著者は大学卒業後に出版社に勤めた*1のち、留学のため渡仏。現在の肩書きは「美術ジャーナリスト」だが、陶芸や料理教室の講師など、マルチに活躍されているそうだ。
日本にいる時はまったく走っていなかったとか。編集者として村上春樹さんの担当もしたのに、その時はマラソンのことなどまったく聞かなかったという。もったいない。
そんな著者が走り始めたきっかけは、パリ郊外の緑多い地域に引っ越し、あまりに美しかったから。そのうち少しずつレースに出始めたというが、この人めっぽう速いのだ。現在のフルマラソンベストは3時間21分。フランス選手権出場資格まで持っているというのだからドラマみたいではないか。

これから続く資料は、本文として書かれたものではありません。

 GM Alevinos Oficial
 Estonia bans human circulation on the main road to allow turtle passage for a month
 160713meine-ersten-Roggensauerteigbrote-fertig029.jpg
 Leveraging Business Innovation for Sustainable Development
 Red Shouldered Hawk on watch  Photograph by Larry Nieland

この、走りが速くて元編集者があちこちのレースに出場してまとめた記録がこの本。
ひとつひとつのレースが日本人の想像を超えている。給水所でグラスに入ったシャンパンが振る舞われる「シャンパーニュのハーフマラソン」をはじめ、エイドステーション(給食所)にフォアグラなどワインのアテがずらりと並ぶブルゴーニュマラソン。病院の敷地内だけを走るもの。炭鉱跡地の「ボタ山」をよじ登るレース。

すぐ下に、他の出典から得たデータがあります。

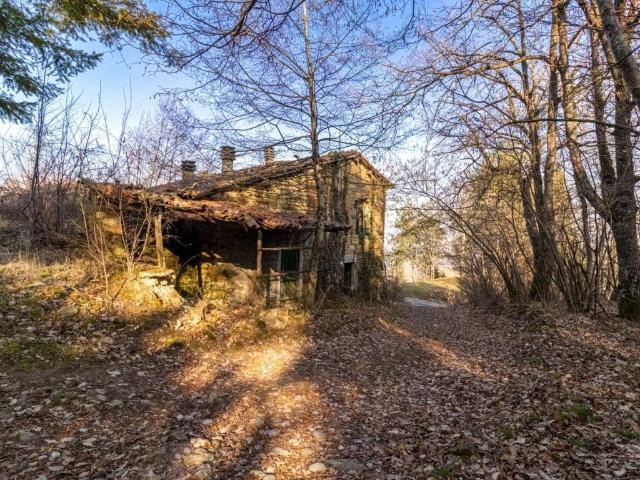 Rustico / Casale in vendita a Neviano degli Arduini PR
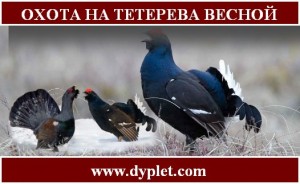 Охота на тетерева весной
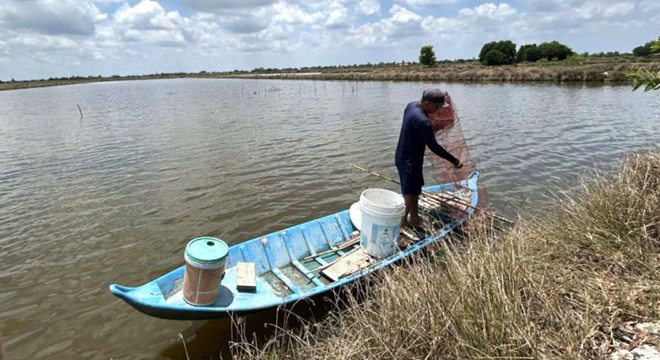 Nắng nóng kéo dài, xâm nhập mặn gia tăng ở Cà Mau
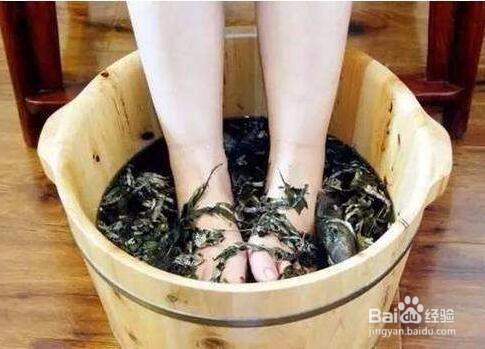 艾叶泡脚真的能减肥吗泡脚水加艾叶瘦身效果最佳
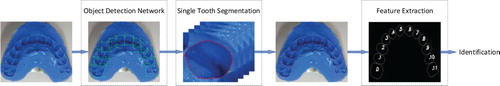 Figure 2. Our processing flow of the proposed strategy. Given a dental impression image, we first detect every tooth mark and obtain their bounding boxes. Then the bounding boxes are set as regions of interest for segmentation of every single tooth mark. Finally, geometric features are extracted from the contoured image and used to identify.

他にも人気のパリ・マラソンやモン・サン・ミッシェル・マラソンなど、走ってみなければわからないあれこれが綴られる。取り上げられているのは全部で16レース。
中でももっとも強烈だったのが、「モンマルトルの丘10キロレース」。パリで一番坂の多いモンマルトルの石畳を、上ったり下りたりする。しかも車も観光客もいっぱいいる画家もそのままの状態で走るのだ。あまりのばかばかしさに笑いそうになりながら走るというが、石畳にやられて腰を痛め、パリマラソンを棄権したにもかかわらず、また翌年走る著者。
マラソン大会は観光地で行われていることも多く、観光ガイド的に読むこともできる。あちこちでフランス人気質に直面するので(例外はバレンタイン・レースくらい。その理由は読めばわかります)、ある意味フランス文化を読める本とも言えるのだ。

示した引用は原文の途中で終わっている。